No momento não estão ocorrendo vitórias significativas para a nossa classe, mas temos condições para reverter o jogo do ponto de vista político. Para isso, não podemos perder a bússola política conjuntural que permite ver que o governo e a burguesia têm imposto ataques profundos, que a burocracia lulista, e não-lulista, tem um peso central sobre a organização e resistência da classe trabalhadora, da juventude e do movimento social como um todo, por isso, são necessárias táticas adequadas para armar a resistência para poder virar o jogo e sair da defensiva.

Tripé necessário: Unidade, Frente de lutas e Frente de Esquerda

Nas batalhas localizadas e nas gerais contra esse governo é fundamental total atenção!

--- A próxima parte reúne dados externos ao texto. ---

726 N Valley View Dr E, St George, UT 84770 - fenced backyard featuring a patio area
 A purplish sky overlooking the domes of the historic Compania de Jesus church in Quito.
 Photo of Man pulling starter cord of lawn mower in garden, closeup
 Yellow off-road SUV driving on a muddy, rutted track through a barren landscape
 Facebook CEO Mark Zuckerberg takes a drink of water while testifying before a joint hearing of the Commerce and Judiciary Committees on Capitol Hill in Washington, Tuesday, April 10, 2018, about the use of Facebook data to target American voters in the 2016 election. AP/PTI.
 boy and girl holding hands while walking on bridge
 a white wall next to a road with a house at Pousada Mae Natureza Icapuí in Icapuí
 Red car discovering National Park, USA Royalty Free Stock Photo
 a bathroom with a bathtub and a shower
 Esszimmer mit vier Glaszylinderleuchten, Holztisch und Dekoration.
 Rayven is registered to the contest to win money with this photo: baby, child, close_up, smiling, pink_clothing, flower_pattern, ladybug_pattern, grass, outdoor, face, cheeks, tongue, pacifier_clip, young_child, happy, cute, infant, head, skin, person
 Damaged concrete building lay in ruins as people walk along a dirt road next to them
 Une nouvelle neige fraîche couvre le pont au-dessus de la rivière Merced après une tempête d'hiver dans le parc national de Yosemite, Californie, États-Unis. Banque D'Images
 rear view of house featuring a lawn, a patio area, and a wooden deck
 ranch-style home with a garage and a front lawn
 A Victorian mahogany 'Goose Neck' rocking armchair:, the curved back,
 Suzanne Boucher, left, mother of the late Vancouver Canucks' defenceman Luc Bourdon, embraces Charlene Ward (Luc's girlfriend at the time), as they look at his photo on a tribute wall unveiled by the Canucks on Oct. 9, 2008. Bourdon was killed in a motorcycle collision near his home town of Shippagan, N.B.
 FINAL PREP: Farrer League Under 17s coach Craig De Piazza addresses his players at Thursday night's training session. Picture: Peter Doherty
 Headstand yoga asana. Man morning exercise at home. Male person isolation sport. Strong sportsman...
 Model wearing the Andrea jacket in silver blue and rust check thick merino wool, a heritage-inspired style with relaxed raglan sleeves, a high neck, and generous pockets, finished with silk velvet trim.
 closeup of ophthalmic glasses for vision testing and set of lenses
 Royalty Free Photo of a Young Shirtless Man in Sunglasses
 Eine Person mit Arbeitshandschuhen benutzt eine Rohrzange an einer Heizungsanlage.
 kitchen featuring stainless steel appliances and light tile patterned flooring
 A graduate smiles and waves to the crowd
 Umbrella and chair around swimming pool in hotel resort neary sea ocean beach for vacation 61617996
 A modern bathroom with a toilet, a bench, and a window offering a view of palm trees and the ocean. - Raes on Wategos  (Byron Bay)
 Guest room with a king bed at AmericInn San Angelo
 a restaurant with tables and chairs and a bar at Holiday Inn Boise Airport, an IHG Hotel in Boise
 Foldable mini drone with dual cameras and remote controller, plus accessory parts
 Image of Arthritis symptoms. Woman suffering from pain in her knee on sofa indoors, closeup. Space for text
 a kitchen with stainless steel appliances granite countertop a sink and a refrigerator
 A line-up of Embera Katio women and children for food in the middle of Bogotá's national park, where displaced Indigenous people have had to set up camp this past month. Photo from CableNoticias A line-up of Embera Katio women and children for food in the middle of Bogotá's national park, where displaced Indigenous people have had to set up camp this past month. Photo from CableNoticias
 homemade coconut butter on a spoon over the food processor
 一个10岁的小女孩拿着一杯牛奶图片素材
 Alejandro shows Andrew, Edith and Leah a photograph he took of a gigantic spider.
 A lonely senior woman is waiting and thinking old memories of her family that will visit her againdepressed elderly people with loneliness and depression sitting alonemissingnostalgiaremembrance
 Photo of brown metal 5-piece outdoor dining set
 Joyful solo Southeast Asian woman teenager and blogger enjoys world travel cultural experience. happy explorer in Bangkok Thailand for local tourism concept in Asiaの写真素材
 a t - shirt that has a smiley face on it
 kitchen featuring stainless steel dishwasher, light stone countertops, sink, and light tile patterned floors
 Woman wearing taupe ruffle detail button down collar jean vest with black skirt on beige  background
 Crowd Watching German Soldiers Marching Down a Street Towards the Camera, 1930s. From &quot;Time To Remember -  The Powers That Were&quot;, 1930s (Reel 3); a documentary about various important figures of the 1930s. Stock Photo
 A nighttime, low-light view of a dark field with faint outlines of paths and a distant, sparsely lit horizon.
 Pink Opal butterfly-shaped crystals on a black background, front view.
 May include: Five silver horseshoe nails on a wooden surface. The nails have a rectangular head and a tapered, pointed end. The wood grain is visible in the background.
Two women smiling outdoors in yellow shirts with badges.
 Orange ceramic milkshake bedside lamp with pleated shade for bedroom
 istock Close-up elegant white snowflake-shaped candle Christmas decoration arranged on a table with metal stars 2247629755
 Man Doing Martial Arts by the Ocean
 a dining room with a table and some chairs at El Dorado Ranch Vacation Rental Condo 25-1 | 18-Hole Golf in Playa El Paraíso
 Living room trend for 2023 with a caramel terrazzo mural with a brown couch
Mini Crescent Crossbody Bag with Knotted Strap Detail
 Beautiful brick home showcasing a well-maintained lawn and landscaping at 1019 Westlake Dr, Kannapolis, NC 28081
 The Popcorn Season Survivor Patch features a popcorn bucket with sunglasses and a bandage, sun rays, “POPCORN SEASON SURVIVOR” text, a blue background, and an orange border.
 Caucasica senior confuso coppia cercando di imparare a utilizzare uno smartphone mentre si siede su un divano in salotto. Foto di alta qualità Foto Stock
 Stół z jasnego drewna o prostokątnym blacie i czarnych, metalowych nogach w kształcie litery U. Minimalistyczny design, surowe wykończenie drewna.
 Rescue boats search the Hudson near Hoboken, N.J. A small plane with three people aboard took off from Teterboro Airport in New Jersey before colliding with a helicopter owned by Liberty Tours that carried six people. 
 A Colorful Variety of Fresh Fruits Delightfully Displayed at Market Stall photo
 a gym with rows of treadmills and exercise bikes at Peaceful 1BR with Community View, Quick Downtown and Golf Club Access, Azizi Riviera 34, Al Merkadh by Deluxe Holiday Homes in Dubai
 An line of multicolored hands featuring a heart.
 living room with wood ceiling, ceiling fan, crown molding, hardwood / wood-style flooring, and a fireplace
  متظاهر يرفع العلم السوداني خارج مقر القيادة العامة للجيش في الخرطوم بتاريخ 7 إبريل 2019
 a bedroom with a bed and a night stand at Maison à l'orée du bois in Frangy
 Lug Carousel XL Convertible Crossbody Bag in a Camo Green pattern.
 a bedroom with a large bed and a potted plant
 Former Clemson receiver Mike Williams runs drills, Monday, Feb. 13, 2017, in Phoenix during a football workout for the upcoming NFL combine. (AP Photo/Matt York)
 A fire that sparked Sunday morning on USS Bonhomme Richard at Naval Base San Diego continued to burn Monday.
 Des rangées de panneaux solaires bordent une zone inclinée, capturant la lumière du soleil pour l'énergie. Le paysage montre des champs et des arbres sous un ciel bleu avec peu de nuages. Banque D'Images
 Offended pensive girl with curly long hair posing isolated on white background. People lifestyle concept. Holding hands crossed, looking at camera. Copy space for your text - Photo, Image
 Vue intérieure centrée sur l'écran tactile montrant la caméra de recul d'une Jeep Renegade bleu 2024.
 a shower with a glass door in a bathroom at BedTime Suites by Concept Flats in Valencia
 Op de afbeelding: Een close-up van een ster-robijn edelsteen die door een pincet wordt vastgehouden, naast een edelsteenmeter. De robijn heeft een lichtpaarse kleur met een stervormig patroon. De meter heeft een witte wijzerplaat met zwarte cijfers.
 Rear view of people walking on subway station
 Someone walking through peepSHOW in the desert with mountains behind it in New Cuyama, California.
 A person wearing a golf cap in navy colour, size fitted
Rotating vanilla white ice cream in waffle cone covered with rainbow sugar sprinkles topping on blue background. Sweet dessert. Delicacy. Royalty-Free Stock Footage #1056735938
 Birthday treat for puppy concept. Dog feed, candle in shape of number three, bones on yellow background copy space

Será uma batalha decisiva a luta contra a contrarreforma da Previdência, o file mignon das contrarreformas, prevista para o mês de novembro, que ocorrerá após o julgamento na Câmara dos Deputados da segunda denúncia da Procuradoria Geral da República contra Temer por corrupção. Por isso, é preciso convocar o Dia Nacional de Lutas e Paralisação, 10 de novembro, no espírito da mais ampla unidade de ação com todas as centrais e movimentos.

Além da unidade total contra Temer, inclusive em atos unificados com a burocracia, nos quais a esquerda socialista deve se apresentar de forma independente, com programa, discurso e colunas próprias, ou seja, com total diferenciação com a burocracia, é preciso construir frentes de luta com todos que queiram combater o governo. É necessário desenvolver táticas para disputar setores que estão lutando, semi independentes, como é o caso da Frente Povo Sem Medo, por exemplo, que são ainda polarizados pelo PT e a CUT, mas que pela sua dinâmica de mobilização tende a se esquerdizar.

Outro erro, que pode ser mortal, é não participar ou impulsionar imediatamente uma Frente de Esquerda Socialista entre o PSOL, PSTU, PCB, MTST e outros para construir uma alternativa política ao lulismo. Uma frente que sirva para fortalecer a posição da esquerda socialista nas lutas imediatas, nas disputas com a burocracia do processo de reorganização da classe trabalhadora e nos processos eleitorais. Inclusive, desprezar este último é um erro mortal, pois, apesar das eleições se darem no campo da institucionalidade burguesa, ganhar espaço nelas, disputar o voto com a burguesia e com a burocracia é fundamental para o fortalecimento político e organizativo da esquerda socialista. Não é porque a luta de classes direta é nosso campo privilegiado que devemos secundarizar este aspecto da luta política e as táticas necessárias para isso. Do contrário, as possibilidades de superar a marginalidade da esquerda socialista e, consequentemente, a construção de uma alternativa socialista viável estará cada vez mais adiada.

 

[1] Antônio Hamilton Mourão, General do Exército, propôs recentemente em um evento a intervenção militar no Brasil para solucionar o problema da corrupção sem que nenhuma punição fosse dada pelo alto comando das forças armadas.